Lunch over, we move to the Stockdale Room, with its commanding, if slightly dusty, view of Adelaide and the Gulf of St Vincent. Ian delivers his third lecture in thirty-six hours, this time on a subject close to his heart: William Shakespeare and Ben Jonson and the invention of authorship. It whets the appetite for the new biography; and for more orations from this remarkably erudite scholar.
On Monday night, putting on another hat, I head off to the city to take part in one of Ken Bolton's regular 'Lee Marvin' series of readings. These take place in the Gallery de la Catessen, down a little lane off Waymouth Street, just opposite New Ltd's impressive new headquarters, whose glassy façade is reflected internally, so to speak, with transparent floors, which must be slightly disconcerting for some employees. The Gallery de la Catessen is much more modest: an old shop now devoted to contemporary music and occasional readings. It seats about thirty or forty people. Everyone is remarkably punctual and orderly. I spot a couple of Creative Writing students from Adelaide who were at Ian Donaldson's lectures. They tell me that the poetry reading scene in Adelaide is quite healthy, which can't be said for Melbourne, I fear.

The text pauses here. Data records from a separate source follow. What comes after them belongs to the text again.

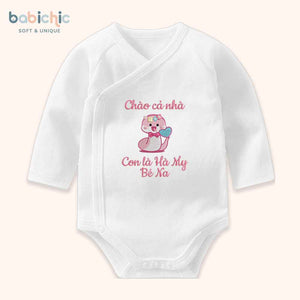 Set quà đầy tháng bé gái cá nhân hóa thêu tên riêng – Mẫu “Con là Hà My – Bé Na”, hình rắn hồng cute
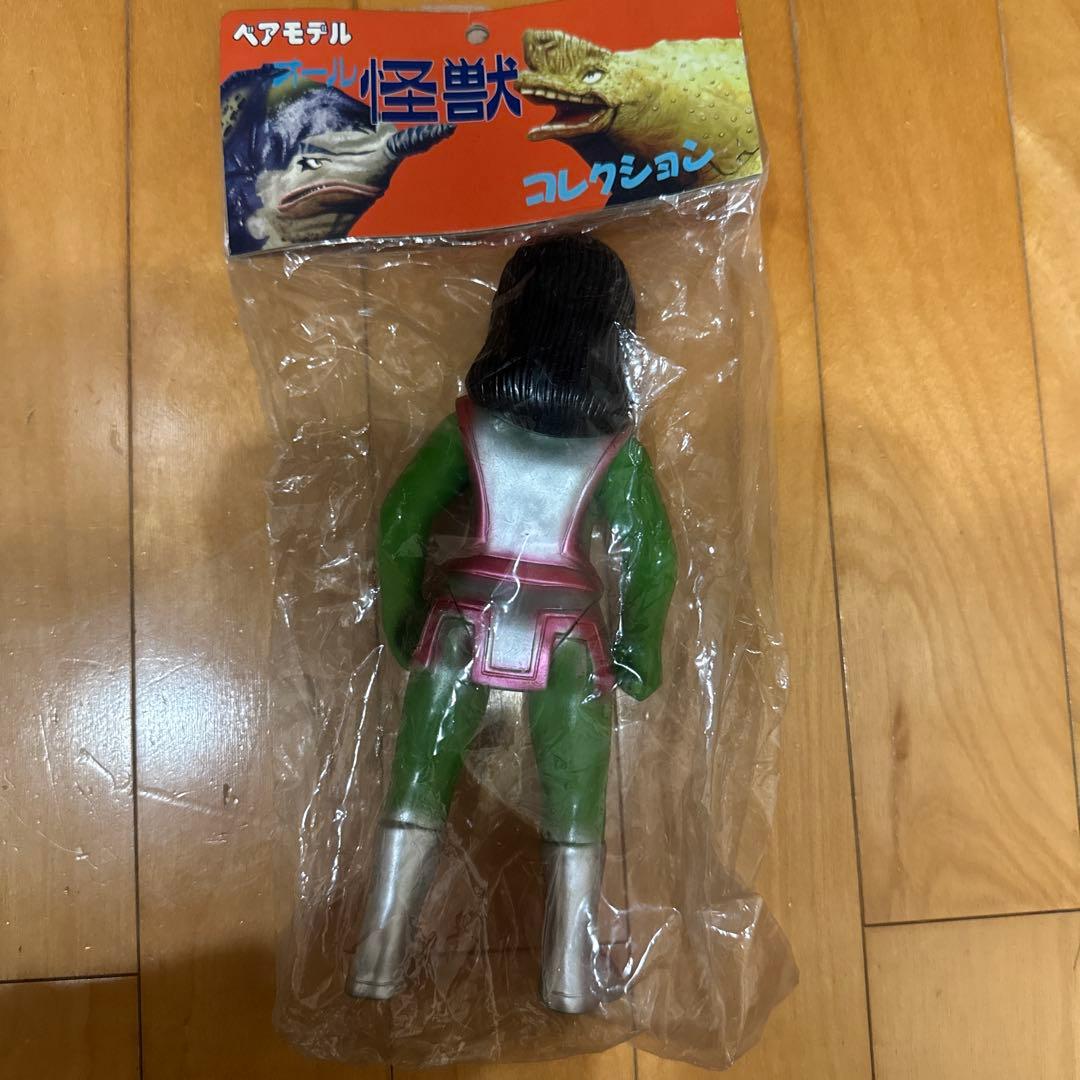 ウルトラマン ペアモデル ゴース星人ソフビ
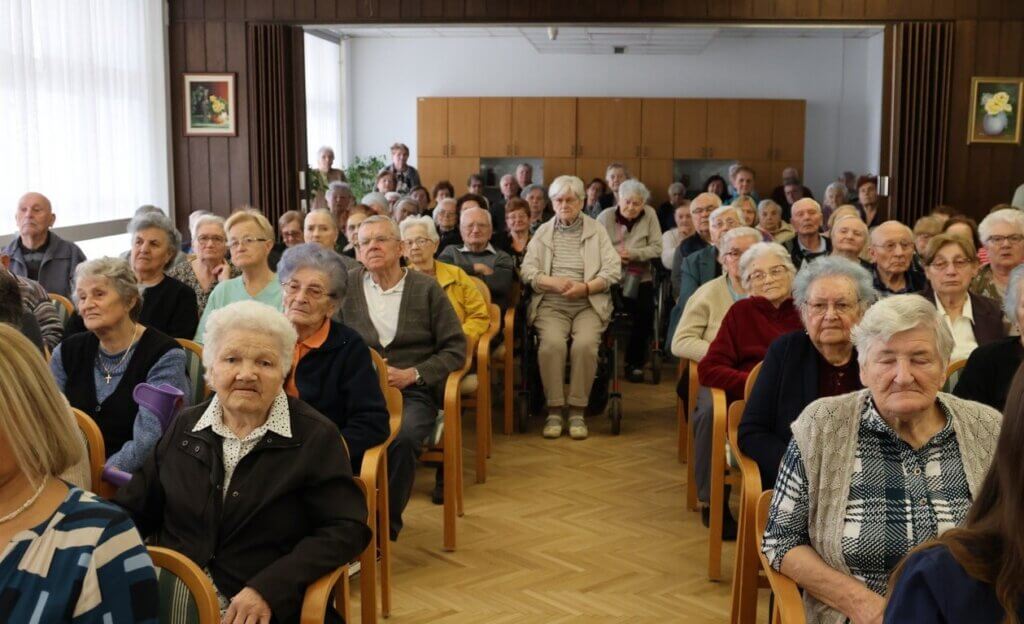 Umirovljenici u publici u Domu za starije osobe Koprivnica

Ken Bolton asks me to go first - always a relief. By now I have so little voice I feel I should apologise to the audience for croaking at them. Clutching my water bottle like a broken-down athlete after a marathon, I clamber on to the podium. This is set up in front of the shop window. I've never felt like a window display before. Ken Bolton performs the introductions, and we're off.

1 comments:
Yes, I was quite shocked by how hot we all were, singing Some Enchanted Evening. I was smack in the middle of the (very large) audience and everyone I could hear around me was in tune and didn't need to look at the words. I guess people who'd turn up to a lecture with a title like that would be to some extent musically self-selecting, but it was quite an experience all the same.